Trump lawyers argue to head off historic subpoena

Trump Lawyers: A President Cannot Obstruct Justice

Trump Lawyers: A President Cannot Obstruct Justice

"So I would like to convince them to exercise some, you know, constitutional restraint here". "It would be an open question, but gosh, I think it would probably get answered by, 'Gosh, that's what the Constitution says, and if you want to change it, change it'". "Impeach him, and then you can do whatever you want to do to him".

Giuliani said earlier on Sunday that Trump most likely has the power to pardon himself.

As far as a presidential indictment is concerned, legal experts generally agree a president can be indicted, but like Giuliani pointed out, it's the "when" that matters - with some believing it would have to take place once a president left office. "It is one of many absurd positions that follow from their argument. It is self-evidently wrong".

Additionally, the legal team presented a list of eight reasons for why the president does not have to be interviewed in regards to the matter. "And in America, no one is above the law, including the president".

Rudy Giuliani and Donald Trump.

When asked by NBC's Chuck Todd whether he was asserting that the President has the power to end "any federal investigation", Giuliani replied "Yeah, that is pretty clear".

Trump also said he was considering pardoning lifestyle maven Martha Stewart and commuting the prison sentence of former Illinois Governor Rod Blagojevich, convicted of corruption charges.

Manafort, who was Trump's campaign chairman, faces charges of acting as an unregistered foreign agent and money-laundering conspiracy and also two false-statement charges related to information he shared with the Justice Department about his Ukrainian political work.

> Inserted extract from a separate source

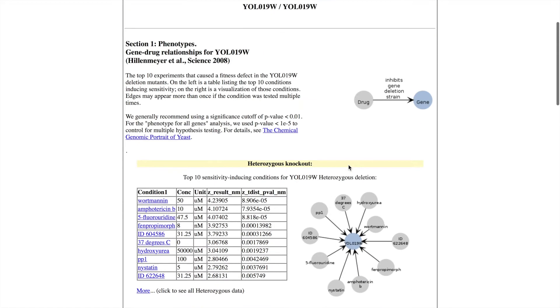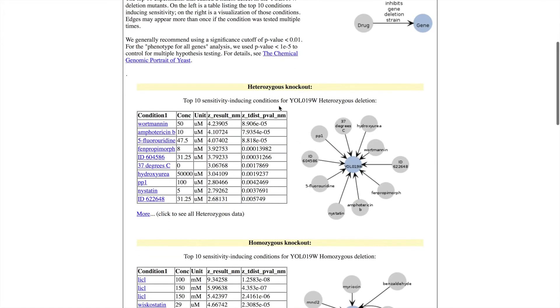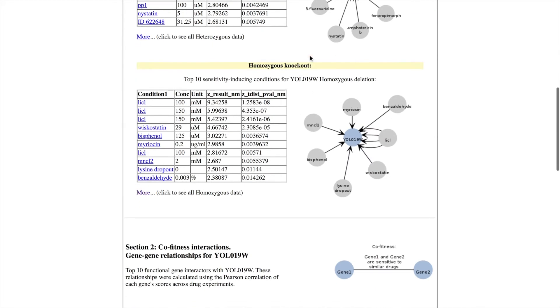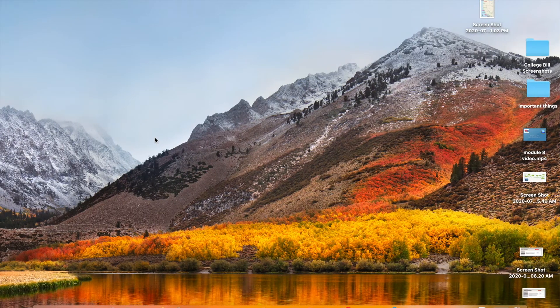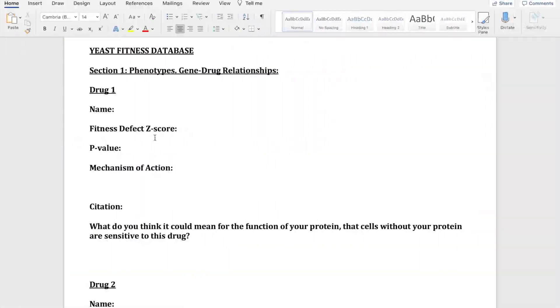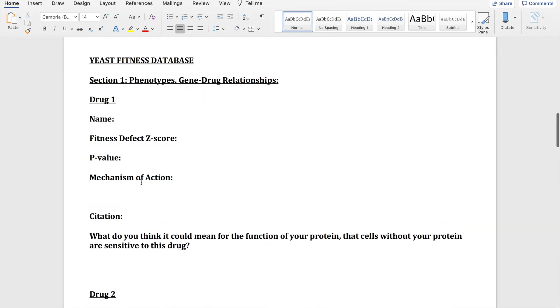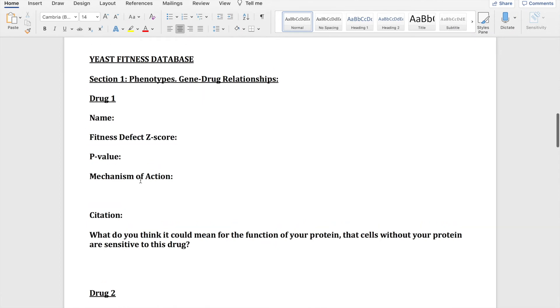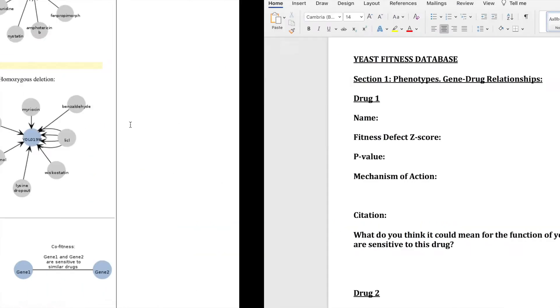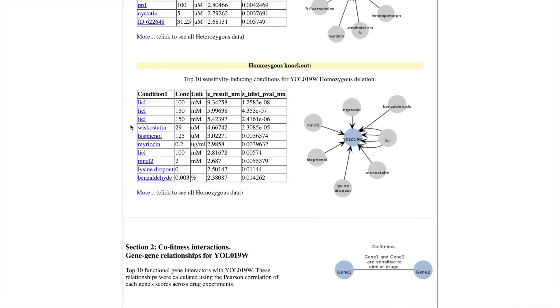What we're going to be looking at is not the heterozygous knockout section but the homozygous knockout section, and what we're going to use in our worksheet is based off of the p-value. We want a p-value less than 0.05.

Both Sekulow and White House press secretary Sarah Sanders claimed, falsely, that Trump had not dictated the statement, but had merely offered his son suggestions.

"If Mueller tries to subpoena us, we're going to court", he told ABC.

A private letter from Trump's legal team to Mueller, written in January, asserted what amounts to an unlimited right to halt federal investigations and issue pardons, concluding that a president can not obstruct justice. "This is pure harassment, engineered by the Democrats".

The Justice Department this week made a decision to release numbers on how much Robert Mueller, the special prosecutor's investigation has cost U.S. tax payers, and that number through March, the latest month they have numbers for, has cost 16.7 million dollars.

"He's not, but he probably does", he told ABC News.

"Well, of course it would be appropriate to initiate a prosecution", he said.

The theory that Trump could also effectively short-circuit the Russian Federation probe by issuing an unprecedented self-pardon, Giuliani added, was a complete non-starter.

Meanwhile, former Trump campaign manager Corey Lewandowski told "Fox News Sunday" that President Trump's legal team will "take it to court" if Mueller subpoenas him as part of the Russian Federation probe.